10 Year Major League Baseball Player Jimmy Stewart passes away at age 73
From Clarksville (TN) Online
Nov 26, 2012
(c) Topps Baseball
Clarksville, TN – Jimmy Stewart, the former Austin Peay baseball great who was a member of the University's first athletic Hall of Fame class and enjoyed a 10-year major league baseball career, died Saturday in Tampa, FL.
A former Govs third baseman/shortstop, Steward was inducted into the APSU Athletics Hall of Fame in 1978-79 along with George Fisher, Halbert Harvill, Dick Hays, Tom Morgan, Stella Schupp and broadcaster Earl Walton a year after Dave Aaron was the lone inductee when the Hall of Fame was initiated in 1977-78.
In the pre-1970s, Stewart owned the program's highest single-season batting average when he hit .435 in 1961; he finished with a .369 career mark.

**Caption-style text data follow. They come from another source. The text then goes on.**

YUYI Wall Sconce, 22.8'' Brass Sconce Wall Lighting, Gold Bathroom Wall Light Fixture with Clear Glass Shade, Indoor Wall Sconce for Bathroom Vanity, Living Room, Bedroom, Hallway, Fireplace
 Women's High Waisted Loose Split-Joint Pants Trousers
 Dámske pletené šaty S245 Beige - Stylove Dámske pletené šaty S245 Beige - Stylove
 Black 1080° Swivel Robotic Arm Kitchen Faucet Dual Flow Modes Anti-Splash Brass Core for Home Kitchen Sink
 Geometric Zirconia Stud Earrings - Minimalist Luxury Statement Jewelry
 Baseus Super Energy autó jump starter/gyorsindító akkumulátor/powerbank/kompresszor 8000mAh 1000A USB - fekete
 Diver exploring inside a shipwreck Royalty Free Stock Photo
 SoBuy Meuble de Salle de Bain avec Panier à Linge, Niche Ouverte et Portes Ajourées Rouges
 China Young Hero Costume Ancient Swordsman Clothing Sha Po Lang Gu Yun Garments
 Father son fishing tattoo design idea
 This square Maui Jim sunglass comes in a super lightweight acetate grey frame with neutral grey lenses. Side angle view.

As a senior, he was named All-Volunteer State Athletic Conference (VSAC) after he captained the Govs to an 11-4 record.
But Stewart was a multi-sport star. He was named All-VSAC in basketball during 1961, averaging 10.4 ppg and All-Regional in the NCAA South Central tournament after leading the Governors to a 22-9 record.
In track, he held the school record in 220-yard dash (22.6) for many years. The Opelika, AL, native was named recipient of the Joy Award in 1961 as Austin Peay’s most valuable senior athlete.
After college, Stewart strictly concentrated on baseball, where he played for the Chicago Cubs, Chicago White Sox, Cincinnati Reds and Houston Astros from 1963-1973.
Stewart came up with the Cubs as a middle infielder in 1963. He was purchased from the Cubs by the Chicago White Sox during the 1967 season. After playing in their minor league system for two seasons, he was drafted by the Cincinnati Reds from the White Sox in the 1968 Rule 5 draft.
On November 29th, 1971, Stewart was part of a famous trade that brought future Hall of Famer Joe Morgan, César Gerónimo, Ed Armbrister, Jack Billingham, and Denis Menke to the Reds from the Houston Astros for Stewart, Lee May and Tommy Helms.
After his playing days, Stewart served as a longtime scout, including 11 years back with the Reds.
According to reports, he played a major role in the trades that built the Reds' 1990 world championship team, including those that brought the Reds Danny Jackson and Jose Rijo, anchors of that staff.
He's also was credited with writing the scouting report on Oakland before the 1990 World Series that convinced Reds manager Lou Piniella that the Reds would upset the A's.
Funeral services will be held in both Florida and Alabama.